In conclusion, the oil pressure device for reducing the axial force of the row end bearing can reduce the axial force of the row end tapered roller bearing and reduce the abrasion of the bearing; the high-pressure oil plays a role in lubricating the bearing and also reduces friction; thereby can improve bearing life, and then improve compressor performance. Therefore, the utility model effectively overcomes various defects in the prior art and has high industrial utilization value.

The above embodiments are merely illustrative of the principles of the present utility model and its effectiveness, and are not intended to limit the utility model. Modifications and variations may be made to the above-described embodiments by those skilled in the art without departing from the spirit and scope of the utility model. Accordingly, it is intended that all equivalent modifications and variations of the utility model be covered by the claims, which are within the ordinary skill of the art, be within the spirit and scope of the present disclosure.

Claims (6)

1. An oil pressure device for reducing axial force of a row end tapered roller bearing, comprising: tapered roller bearings, cylindrical roller bearings, lock nuts; the oil pressure device is characterized by comprising: the piston comprises a first piston plate, a second piston plate, a first oil inlet hole, a first oil outlet hole, a first gap, a first limiting block and a first piston ring;

the first piston plate is made of round steel; the first face of the first piston plate is fixed with the first left side of the first rotor shaft; the second surface of the first piston plate is contacted with the first surface of the first limiting block; the second surface of the first limiting block is fixed with the inner side of the compressor cover plate; the first rotor shaft is a first part of a bearing seat of the rotor shaft at the row end;

the second piston plate is made of annular steel; the first rotor shaft is sleeved with the second rotor shaft;

the first oil inlet hole is a circular hole and is arranged between the first piston plate and the second piston plate; and on the upper side of the first rotor shaft;

the assembly of the right side of the second piston plate sleeved on the first rotor shaft comprises: the tapered roller bearing, the cylindrical roller bearing and the lock nut;

the first oil outlet is a circular hole and is arranged between the tapered roller bearing and the cylindrical roller bearing;

the first gap between the second piston plate and the first rotor shaft;

the first piston ring is in the first piston plate and is adjacent to the inner side of the row end bearing seat.

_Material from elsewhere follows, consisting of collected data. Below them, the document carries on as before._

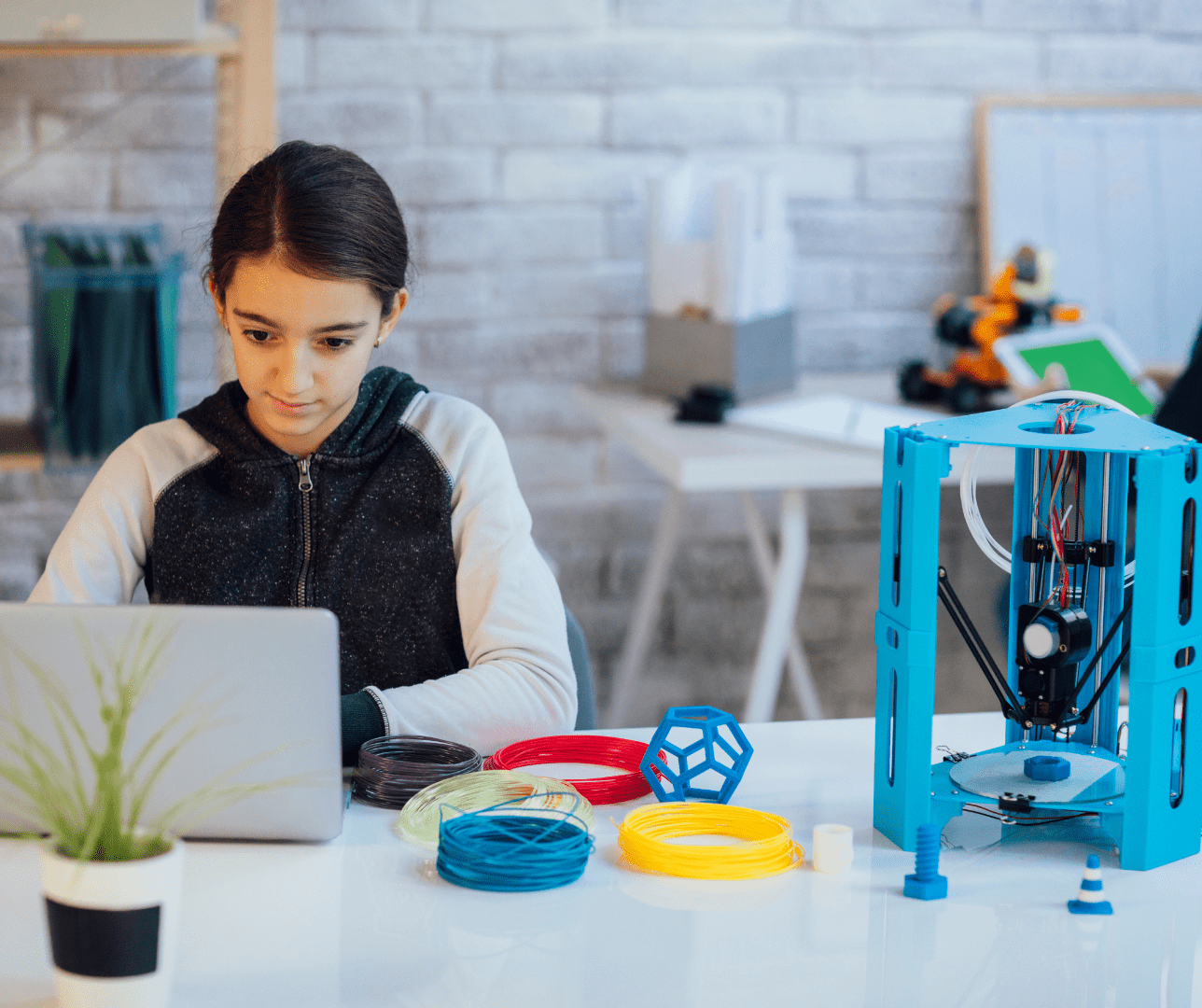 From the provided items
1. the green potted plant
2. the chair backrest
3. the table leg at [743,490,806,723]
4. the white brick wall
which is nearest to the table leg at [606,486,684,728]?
the white brick wall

2. The oil pressure device of claim 1, wherein a hole diameter of the first oil inlet hole is larger than a hole diameter of the first oil outlet hole.

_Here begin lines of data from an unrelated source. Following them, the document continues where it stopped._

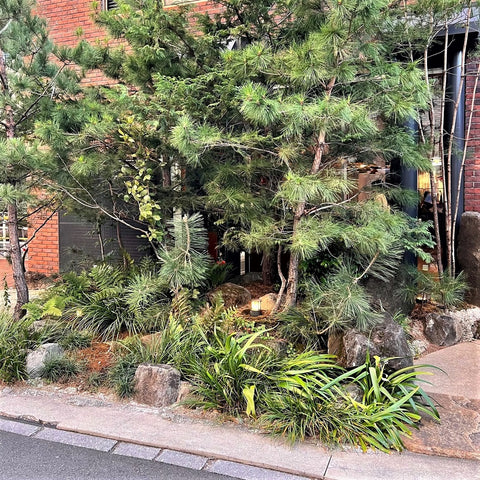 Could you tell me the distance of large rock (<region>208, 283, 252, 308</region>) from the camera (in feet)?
17.1

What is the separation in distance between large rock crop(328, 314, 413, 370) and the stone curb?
1.18 m

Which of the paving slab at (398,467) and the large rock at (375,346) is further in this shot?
the large rock at (375,346)

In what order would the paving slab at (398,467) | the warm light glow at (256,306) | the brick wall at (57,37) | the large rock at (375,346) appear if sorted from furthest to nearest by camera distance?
the brick wall at (57,37)
the warm light glow at (256,306)
the large rock at (375,346)
the paving slab at (398,467)

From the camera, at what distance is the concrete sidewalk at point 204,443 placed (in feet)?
8.98

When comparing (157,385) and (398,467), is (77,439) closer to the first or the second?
(157,385)

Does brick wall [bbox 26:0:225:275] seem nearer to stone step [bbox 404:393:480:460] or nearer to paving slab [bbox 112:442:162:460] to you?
paving slab [bbox 112:442:162:460]

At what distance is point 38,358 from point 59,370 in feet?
0.78

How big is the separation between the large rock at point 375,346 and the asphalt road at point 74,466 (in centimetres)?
147

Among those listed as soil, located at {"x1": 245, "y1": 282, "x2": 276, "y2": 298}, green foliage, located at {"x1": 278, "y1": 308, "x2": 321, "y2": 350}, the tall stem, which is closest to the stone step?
green foliage, located at {"x1": 278, "y1": 308, "x2": 321, "y2": 350}

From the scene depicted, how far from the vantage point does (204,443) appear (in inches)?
121

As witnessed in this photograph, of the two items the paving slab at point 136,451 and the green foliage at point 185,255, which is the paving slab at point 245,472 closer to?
the paving slab at point 136,451

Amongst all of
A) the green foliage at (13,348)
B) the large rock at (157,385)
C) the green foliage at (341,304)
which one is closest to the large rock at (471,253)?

3. The oil pressure device according to claim 2, characterized in that the dimensions of the tapered roller bearing and the dimensions of the cylindrical roller bearing are determined based on the operating pressure, the gas amount, and the rotational speed of the compressor;

the hole diameter of the first oil inlet hole and the hole diameter of the first oil outlet hole are determined based on the air quantity and the working pressure of the compressor.

4. The oil pressure device according to claim 2, wherein high-pressure oil is injected into the first oil inlet hole when the compressor is in operation, and the high-pressure oil flows to the tapered roller bearing and the cylindrical roller bearing through the first gap; and is combined with

And flows out through the first oil outlet.

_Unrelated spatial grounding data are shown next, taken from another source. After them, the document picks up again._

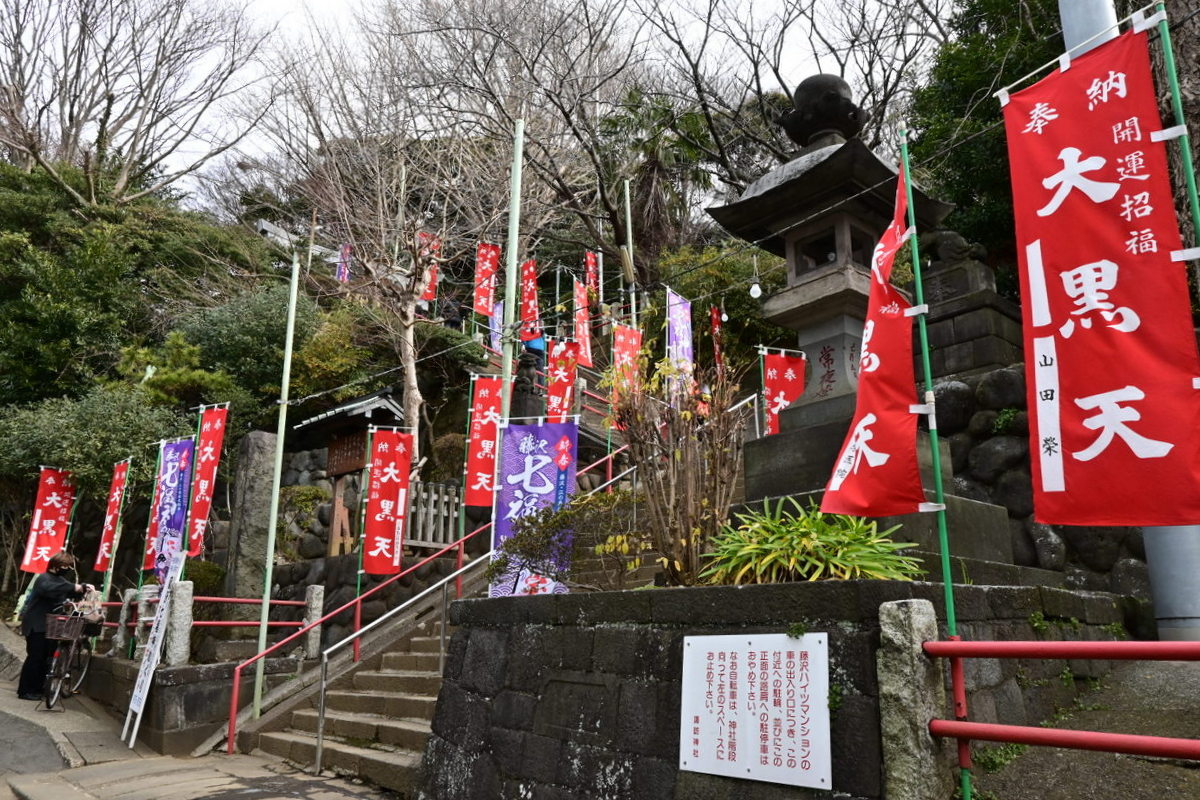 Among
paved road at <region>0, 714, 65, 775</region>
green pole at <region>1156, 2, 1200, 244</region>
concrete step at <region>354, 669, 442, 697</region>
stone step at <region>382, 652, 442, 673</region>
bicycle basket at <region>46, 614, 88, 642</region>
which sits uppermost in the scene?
green pole at <region>1156, 2, 1200, 244</region>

5. The oil pressure device of claim 1, wherein a thickness of the first stopper is a distance between the second face of the first piston plate and an inner side of the compressor cover plate.

6. The oil hydraulic device of any one of claims 1-5, wherein the rotor shaft includes two parts at the row end bearing housing, the first rotor shaft and the second rotor shaft;

the first rotor shaft and the second rotor shaft have the same structure;

the arrangement and connection relation of the oil pressure device on the assembly of the second rotor shaft and the arrangement and connection relation of the oil pressure device on the assembly of the first rotor shaft are in a symmetrical mode.